=== Task requirements ===
Only the lines from the one containing "1st bet promo code" through the end of the entries are to be copied, exactly and without pictures, please.

==== Records for the task ====

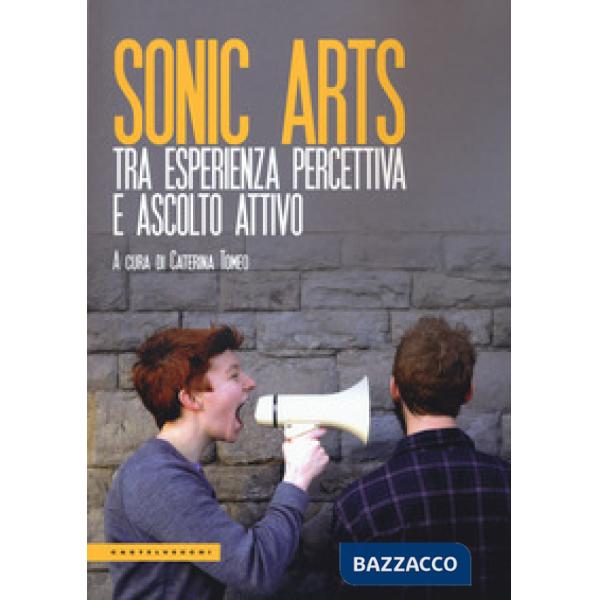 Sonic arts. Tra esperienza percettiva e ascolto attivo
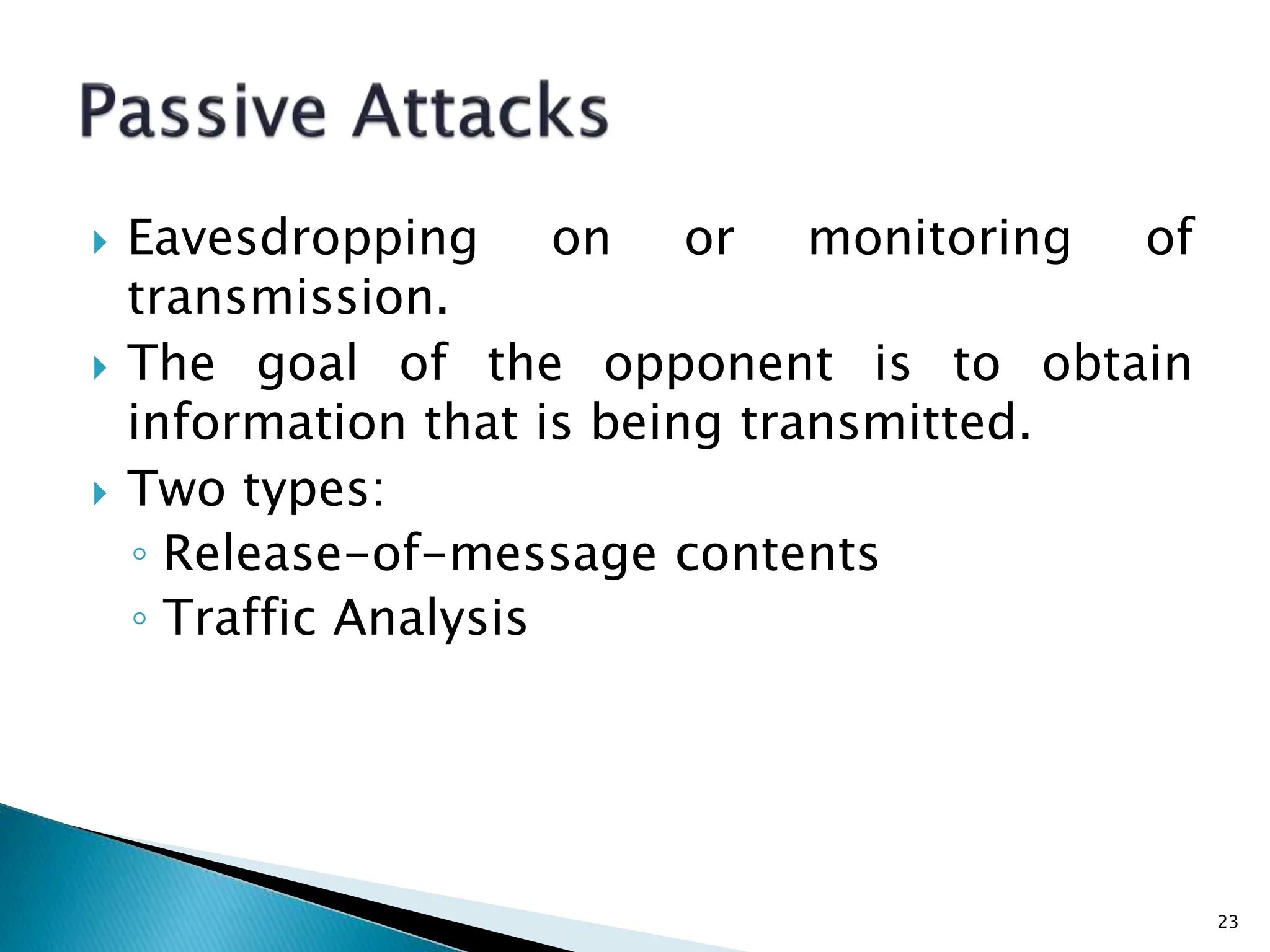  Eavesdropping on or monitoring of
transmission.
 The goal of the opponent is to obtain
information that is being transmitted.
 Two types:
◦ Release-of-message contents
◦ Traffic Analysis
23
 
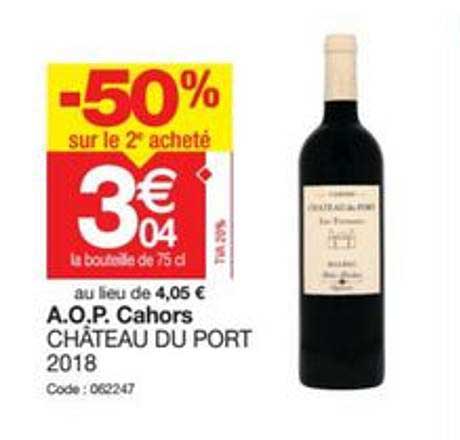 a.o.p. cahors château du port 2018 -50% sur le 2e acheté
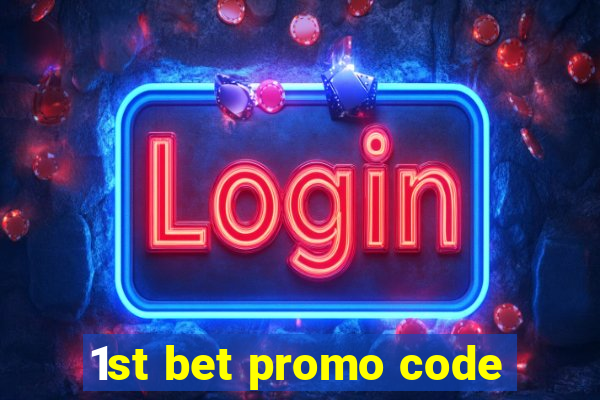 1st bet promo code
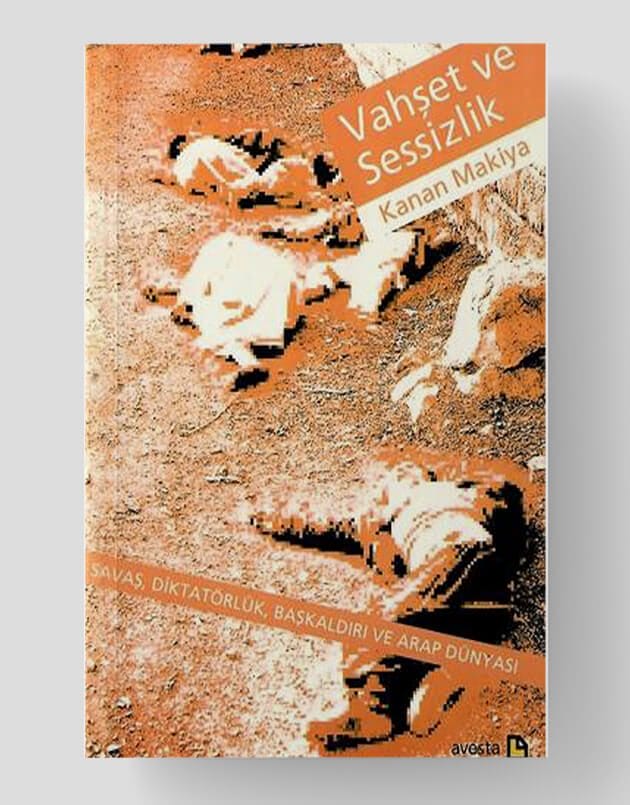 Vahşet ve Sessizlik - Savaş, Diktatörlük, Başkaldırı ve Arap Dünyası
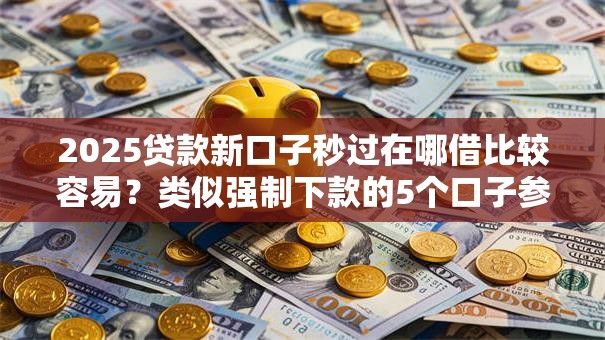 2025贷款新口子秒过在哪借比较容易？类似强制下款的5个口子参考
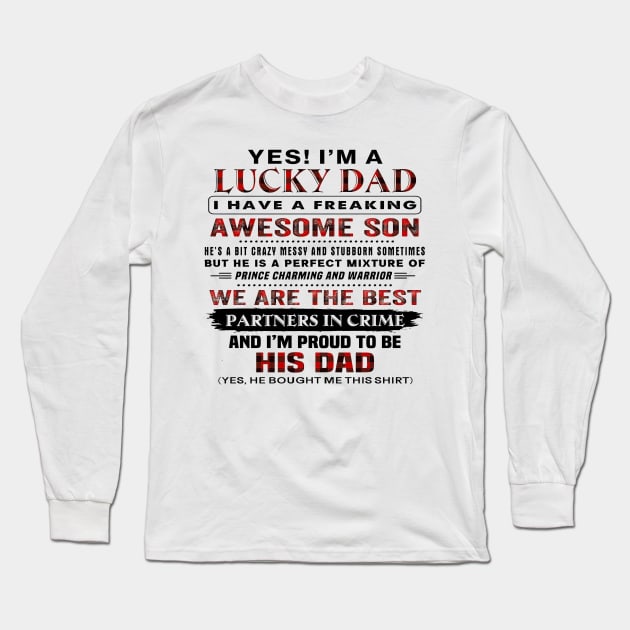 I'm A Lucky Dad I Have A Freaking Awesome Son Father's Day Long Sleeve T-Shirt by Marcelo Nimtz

====

=== Solution to this problem ===
 1st bet promo code
 Vahşet ve Sessizlik - Savaş, Diktatörlük, Başkaldırı ve Arap Dünyası
 2025贷款新口子秒过在哪借比较容易？类似强制下款的5个口子参考
 I'm A Lucky Dad I Have A Freaking Awesome Son Father's Day Long Sleeve T-Shirt by Marcelo Nimtz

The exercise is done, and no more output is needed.